In a shock move, South Australian Premier Mike Rann has ended 48 hours of speculation on a leadership coup by announcing he will step down as the state Labor Party leader.
Mr Rann has agreed to step aside in favour of Education Minister Jay Weatherill, a former lawyer, who has held the Adelaide seat of Cheltenham since 2002.
The premier, who is in India on a seven-day trade mission, says he has told his colleagues he will hand over the leadership, but only after a smooth mentoring transition period.
“I have always believed it is for the parliamentary party to choose the leader,” Mr Rann said in a statement on Sunday.
“A decision has now been made that Jay Weatherill is the person who will succeed me … I have decided that a seamless transition to a new leader was the most appropriate course in the interests of South Australia.”
Mr Rann said there were several key projects he wished to complete, including the go-ahead for the Olympic Dam mine expansion, before he stepped down as premier.
Despite winning the state election last year, there had been speculation that Mr Rann would be facing a leadership challenge sooner than later.
Speculation the besieged leader would face a leadership coup was rife after reports Mr Rann, Labor leader for 17 years and premier since 2002, was told by the party’s right faction on Friday to stand down or be removed.
Separate meetings of the left and right factions had endorsed Mr Weatherill as the party’s next leader.
But Mr Rann reportedly told factional powerbrokers on Friday that he would not go quietly.
He denied he was under pressure when approached by one media organisation on Friday night.
“I have absolutely no intention of retiring,” Mr Rann said then.
“I’ve not been contacted by anybody who says that I will be retiring before the state convention.
On Sunday, Mr Weatherill told journalists a smooth transition was preferable.
“I am hopeful we will be able to offer some certainty very soon. I don’t think it will come to a challenge,” he said.
Mr Weatherill challenged for, and lost, the deputy job after Labor suffered a backlash in the state election. A swing of about seven per cent against Labor prompted the challenge by Mr Weatherill, who has been considered a potential leader since entering parliament eight years ago.
It was earlier reported Mr Rann reacted angrily on Friday when told of the cross-factional deal to replace him.
State treasurer Jack Snelling said he told Mr Rann on Friday of the right faction’s decision to back Mr Weatherill, but no ultimatum had been given.
“I said to the premier just what I’ve said now, that is, that the right faction has come to the conclusion that should a vacancy in the SA Labor Party occur then we will be supporting Jay Weatherill to take over as leader of the party,” he told journalists on Sunday.

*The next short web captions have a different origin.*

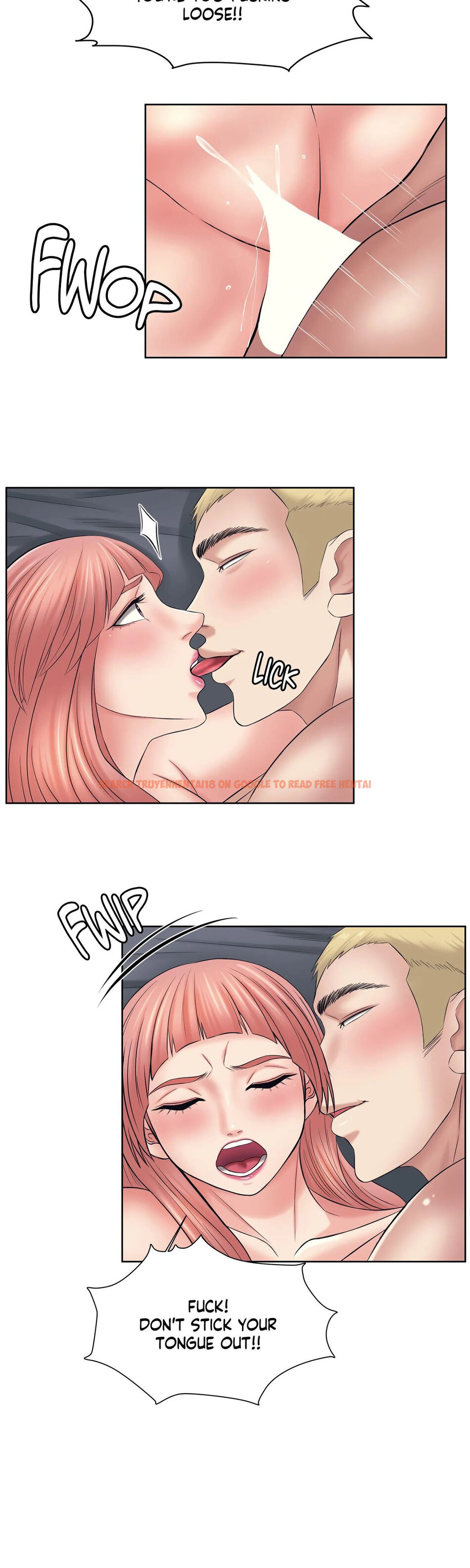 Read Hentai Image 15 616 in comic Roommates With Benefits - Chapter 30 - hentaitnt.net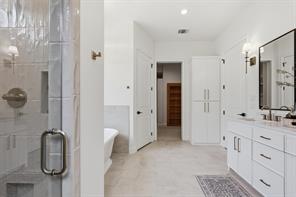 273 Martin Drive - Photo 35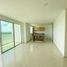 3 Bedroom Apartment for sale in Cordoba, Monteria, Cordoba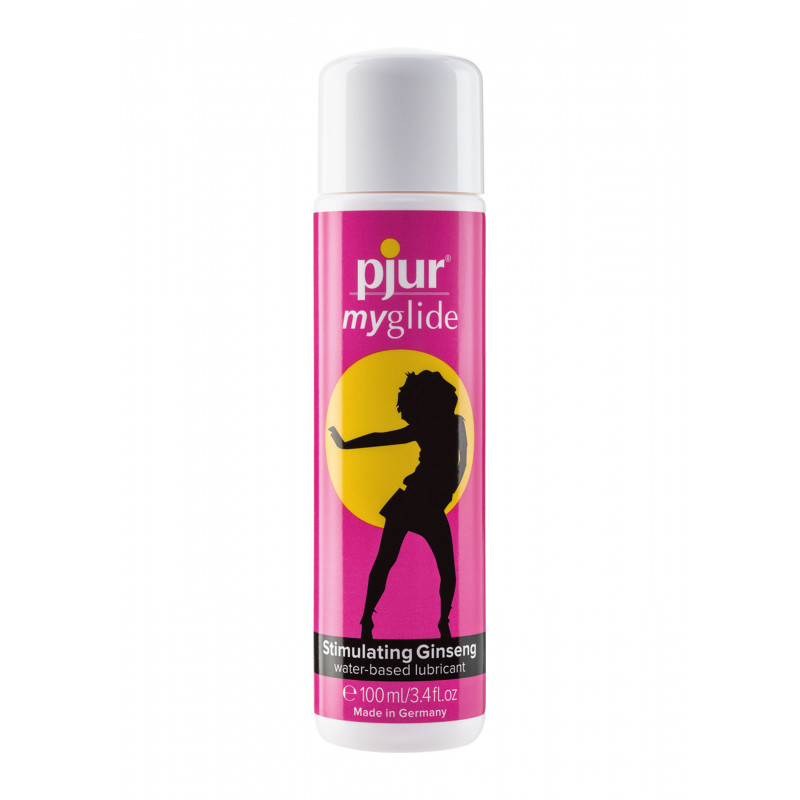 Pjur My Glide 100ml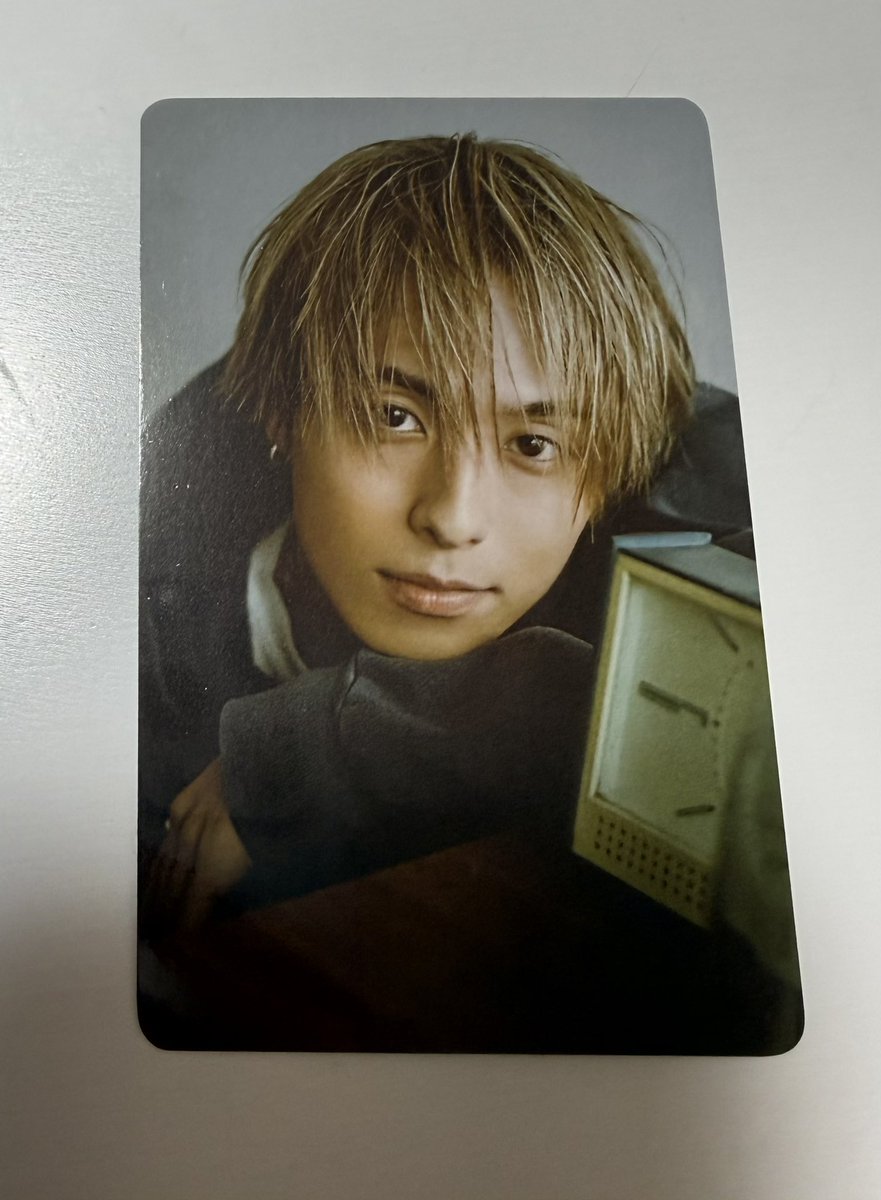 あーる（プロフ必読） tweet media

Mr Snelling denied the premier was being forced out.
“The timing of a transition of the leadership now rests with the premier.”
He said Attorney-General John Rau would remain deputy during the transition period.
Labor has experienced a succession of bad opinion polls, but Mr Rann has previously insisted that he will lead the party to the next state election in 2014.
Flinders University Associate Professor Haydon Manning said negative polling and a need for generational change had inspired the change.
“It’s about getting a new leader and a new set of ministers and to turn the tide and put the government in a position to win the next election,” he told AAP on Sunday.
Mr Rann said he would make further announcements on his future on his return about August 7 or 8.